◆ Directions for this task ◆
Please return all lines of the data below containing the string "Heart".

Data supplied: Begin

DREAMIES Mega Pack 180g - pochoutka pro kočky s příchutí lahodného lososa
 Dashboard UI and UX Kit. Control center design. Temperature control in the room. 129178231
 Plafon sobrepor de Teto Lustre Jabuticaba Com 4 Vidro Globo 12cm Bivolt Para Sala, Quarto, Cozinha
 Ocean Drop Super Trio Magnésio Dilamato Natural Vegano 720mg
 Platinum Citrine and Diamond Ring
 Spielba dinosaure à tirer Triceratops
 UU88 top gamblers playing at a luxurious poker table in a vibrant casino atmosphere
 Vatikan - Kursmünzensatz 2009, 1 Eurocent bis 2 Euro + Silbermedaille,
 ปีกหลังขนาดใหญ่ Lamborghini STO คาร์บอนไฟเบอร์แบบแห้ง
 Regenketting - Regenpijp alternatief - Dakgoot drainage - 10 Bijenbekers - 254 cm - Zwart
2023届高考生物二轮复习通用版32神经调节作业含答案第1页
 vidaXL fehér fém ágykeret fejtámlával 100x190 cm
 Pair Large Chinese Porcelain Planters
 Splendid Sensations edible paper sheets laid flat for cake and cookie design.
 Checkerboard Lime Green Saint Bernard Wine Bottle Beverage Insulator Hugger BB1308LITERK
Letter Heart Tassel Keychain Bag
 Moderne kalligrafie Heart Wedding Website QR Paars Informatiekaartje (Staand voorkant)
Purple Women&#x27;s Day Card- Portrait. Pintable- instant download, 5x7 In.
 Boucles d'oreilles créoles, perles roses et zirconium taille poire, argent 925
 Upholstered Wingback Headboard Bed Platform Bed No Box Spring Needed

Data supplied: End

◆ Response for this exercise ◆
Letter Heart Tassel Keychain Bag
 Moderne kalligrafie Heart Wedding Website QR Paars Informatiekaartje (Staand voorkant)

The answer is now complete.